YOUR OBJECTIVE: In the entries below, find the line with "Northwest Arkansas’ Kurt" and the line with "Photo of Little"; copy them and every line between them exactly, but not the pictures.

RECORDS SHOWN:
###
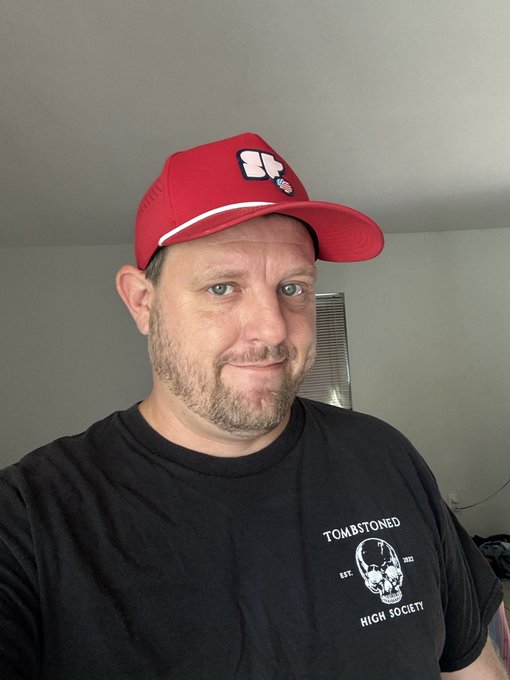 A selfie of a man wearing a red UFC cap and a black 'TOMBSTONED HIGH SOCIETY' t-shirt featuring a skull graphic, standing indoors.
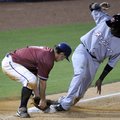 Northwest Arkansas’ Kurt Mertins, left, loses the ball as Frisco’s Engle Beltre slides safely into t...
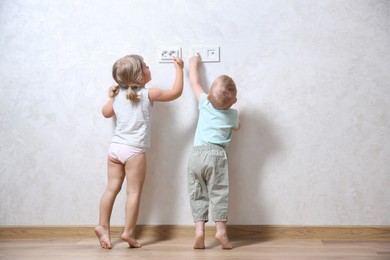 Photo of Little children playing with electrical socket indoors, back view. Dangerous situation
###
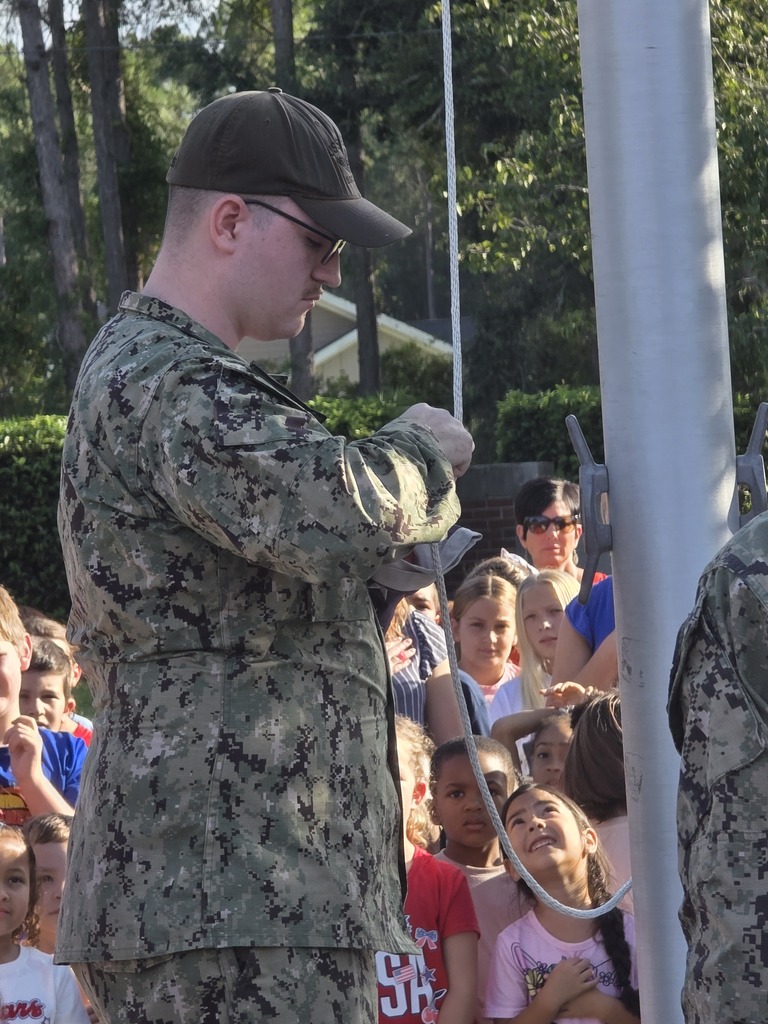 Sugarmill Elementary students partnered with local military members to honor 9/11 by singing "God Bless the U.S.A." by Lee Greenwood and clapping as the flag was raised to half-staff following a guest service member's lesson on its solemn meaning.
###
EXERCISE OUTPUT:
 Northwest Arkansas’ Kurt Mertins, left, loses the ball as Frisco’s Engle Beltre slides safely into t...
 Photo of Little children playing with electrical socket indoors, back view. Dangerous situation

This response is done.